Reputation: 1407
I don't have much experience with openmp.
Is it possible to make the following code faster by using a for loop over pointer instead of index?
Are there anyway to make the following code faster?
The code multiplies an array by a constant.
Thank you.
code:
#include <iostream>
#include <stdlib.h>
#include <stdint.h>
#include <vector>
using namespace std;
int main(void){
size_t dim0, dim1;
dim0 = 100;
dim1 = 200;
std::vector<float> vec;
vec.resize(dim0*dim1);
float scalar = 0.9;
size_t size_sq = dim0*dim1;
#pragma omp parallel
{
#pragma omp for
for(size_t i = 0; i < size_sq; ++i){
vec[i] *= scalar;
}
}
}
serial pointer loop
float* ptr_start = vec.data();
float* ptr_end = ptr_start + dim0*dim1;
float* ptr_now;
for(ptr_now = ptr_start; ptr_now != ptr_end; ++ptr_now){
*(ptr_now) *= scalar;
}
Upvotes: 0
Views: 1808
Reputation: 6214
Serial pointer loop should be like
size_t size_sq = vec.size();
float * ptr = vec.data();
#pragma omp parallel
{
#pragma omp for
for(size_t i = 0; i < size_sq; i++){
ptr[i] *= scalar;
}
}
ptr
will be the same for all threads so no problem there.
As an explanation, Data sharing attribute clauses (wikipedia):
shared: the data within a parallel region is shared, which means visible and accessible by all threads simultaneously. By default, all variables in the work sharing region are shared except the loop iteration counter.

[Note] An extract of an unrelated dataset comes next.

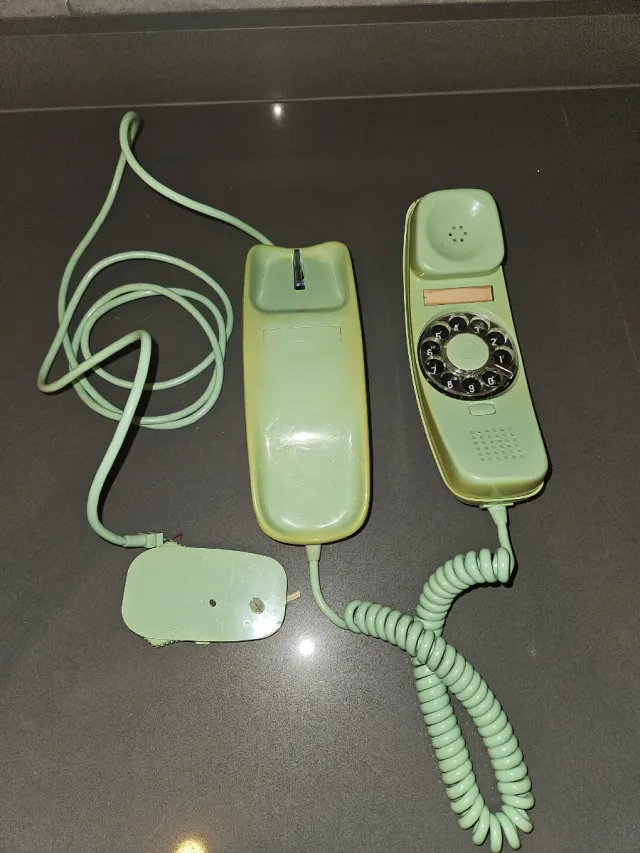Teléfono antiguo verde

private: the data within a parallel region is private to each thread, which means each thread will have a local copy and use it as a temporary variable. A private variable is not initialized and the value is not maintained for use outside the parallel region. By default, the loop iteration counters in the OpenMP loop constructs are private.
In this case, i
is private and ptr
shared.
Upvotes: 1